Security
Security Philosophy
BananaBird is designed around the idea that personal financial data should be treated carefully, deliberately, and with restraint.
Security is not handled as a single feature. It is considered throughout the application, including authentication, authorization, data access, logging, and how financial information is entered and managed.
Account Protection
- Strong password requirements
- Email verification
- Optional Google sign-in
- Multi-factor authentication
- MFA recovery codes
- Recent password confirmation for sensitive actions
- Session regeneration after login
- Rate limiting across application endpoints
Data Protection
BananaBird does not connect to banks, brokerages, credit cards, or other financial institutions.
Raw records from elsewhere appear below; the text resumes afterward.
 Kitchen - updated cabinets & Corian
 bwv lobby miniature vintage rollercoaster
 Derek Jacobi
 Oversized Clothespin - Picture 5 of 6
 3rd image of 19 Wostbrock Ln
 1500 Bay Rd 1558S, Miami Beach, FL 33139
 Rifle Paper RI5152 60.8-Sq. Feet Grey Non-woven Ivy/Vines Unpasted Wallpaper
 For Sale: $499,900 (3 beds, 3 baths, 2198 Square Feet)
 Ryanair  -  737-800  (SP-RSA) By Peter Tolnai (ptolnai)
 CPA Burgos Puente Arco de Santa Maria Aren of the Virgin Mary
This is intentional. There are no third-party financial data integrations.
All financial information is entered by you - manually or imported from files you provide. This limits the amount of external access involved and keeps you in control of what the application can see.
Application-level authorization checks are used to help ensure users can only access their own data.
Logging & Auditing
Security-related events are logged and audited so important account activity can be reviewed when needed.
This includes events such as authentication activity, MFA-related activity, account protection events, and other security-sensitive actions within the application.
Infrastructure Practices
BananaBird is deployed with a focus on protecting both the application and the infrastructure it runs on. Current practices include:
- Hosted on Amazon Web Services (AWS)
- Full disk encryption for production storage
- Encrypted HTTPS connections for all web traffic
- Firewalls configured to expose only required public services
- Administrative access restricted to authorized IP addresses
- Regular backups stored on encrypted storage
Privacy by Design
- No bank integrations
- No advertising
- No sale of financial data
- No financial profiling
- No third-party financial aggregation
Your Role in Security
Security works best when both the application and the user take reasonable precautions.
- Use a unique password
- Enable multi-factor authentication
- Keep recovery codes somewhere safe
- Review temporary users regularly
- Log out of shared or public devices
- Keep your browser and devices updated
Responsible Disclosure
If you believe you have discovered a security issue, please report it privately through the Support page.
Though we do not run a Bug Bounty program at this time, responsible reports are appreciated and will be reviewed seriously.
Continuous Improvement
Security is reviewed as BananaBird evolves. New features are evaluated for security impact, and additional protections may be added over time where they make sense for the application and its users.